My back-of-the-envelope math indicates that when you add up the voting power adjusted for turnout of the Youth, Black, Arab, Latino, and Gay groups targeted by Democrats, you get a voting bloc that is just about on par with the rural voting bloc.
Yet, the Harris campaign didn’t reach out to rural voters and never visited rural Michigan. She instead went to the one wealthy cosmopolitan city in Northern Michigan, Traverse City, where I was born.
It may have seemed rural to her coming from academia in Berkeley, California, followed by a life in Washington D.C., but to us, that is the Big City. It is, in fact, a Micro Metropolitan Statistical Area. Trump didn’t have to visit rural Northern Michigan this cycle. He visited the county seat in Wexford County in 2016 (where my township is located), and people still talk about that visit. Did she ever bring up rural broadband, which we were thrilled to get, in the weeks leading up to the election?
One other gift Michigan gave Republicans is straight-party voting. What this means is that in rural county after rural county, a Democrat who wants to run has to run as a Republican.
This simply depresses the Democratic brand even further and explains in part why Michigan has the highest percentage of uncontested elections, at 80%.

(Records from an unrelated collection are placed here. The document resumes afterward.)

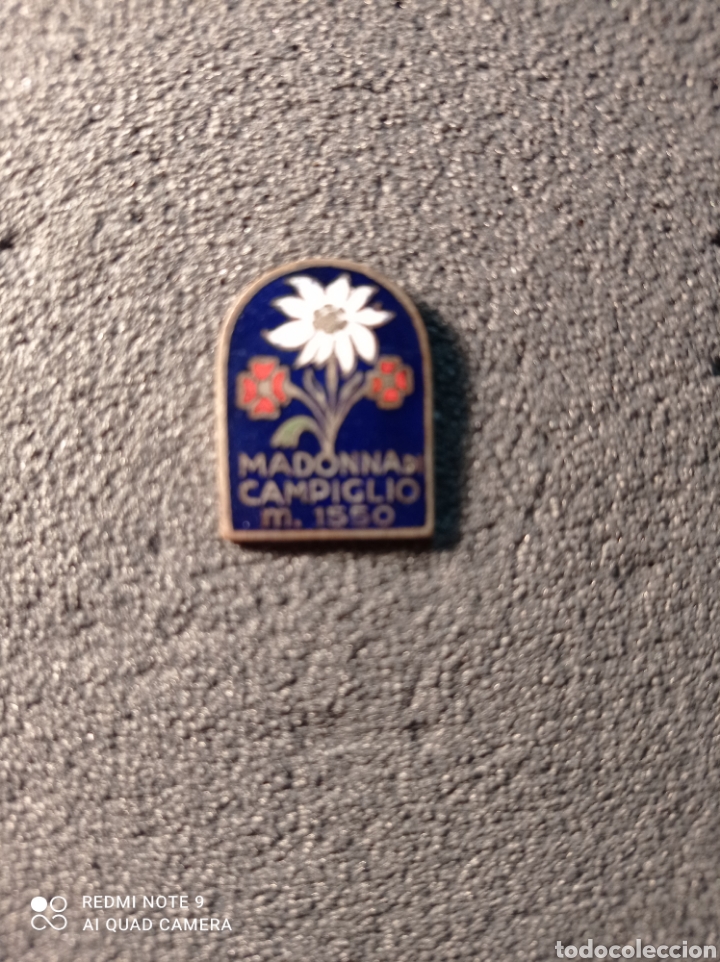 Collection pins: Pin tur&iacute;stico MADONNA DI CAMPIGLIO - Italia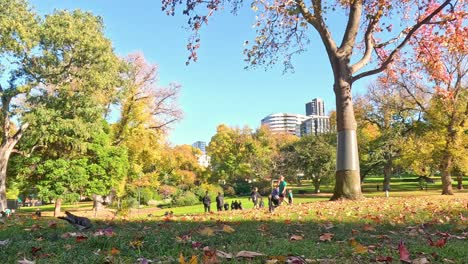 people enjoying a sunny day in park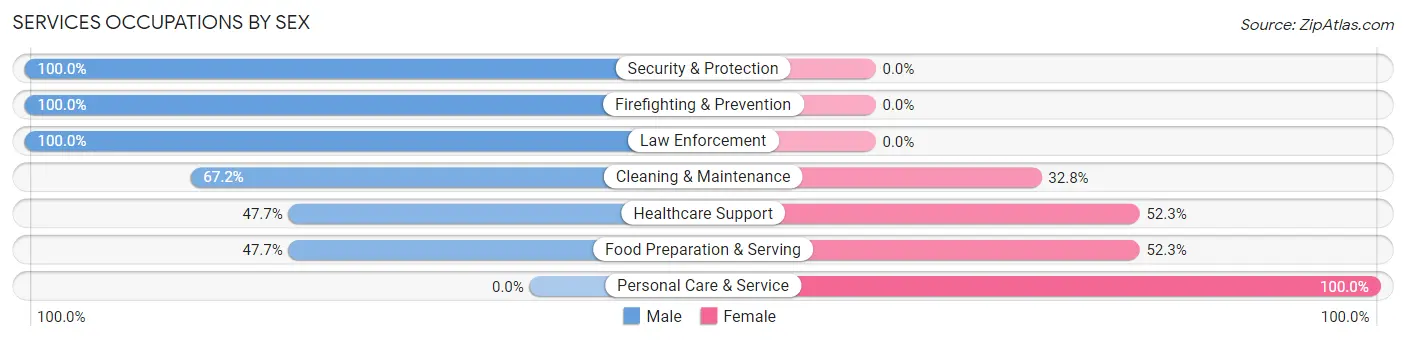 Services Occupations by Sex in Zip Code 04079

Even though most of these are at the local level, it is striking when one enters the ballot box and sees that literally everyone in your county running for office is Republican. Few people figure out that some in that mix are actually Democrats. Michigan has essentially created a one-party system in many of its counties.
I was curious to see how the Republicans got straight-party voting passed. However, I was amused to see that actually Democrats had pushed for and passed this.
The poorly reasoned argument being that urban voters need it to be easy otherwise they won’t vote (which isn’t very flattering to urban voters). I don’t think that voter turnout in Detroit declining from 53% to 47% bears this out.
This is one of several headwinds that Michigan Democrats have going forward. Business as usual simply will no longer work.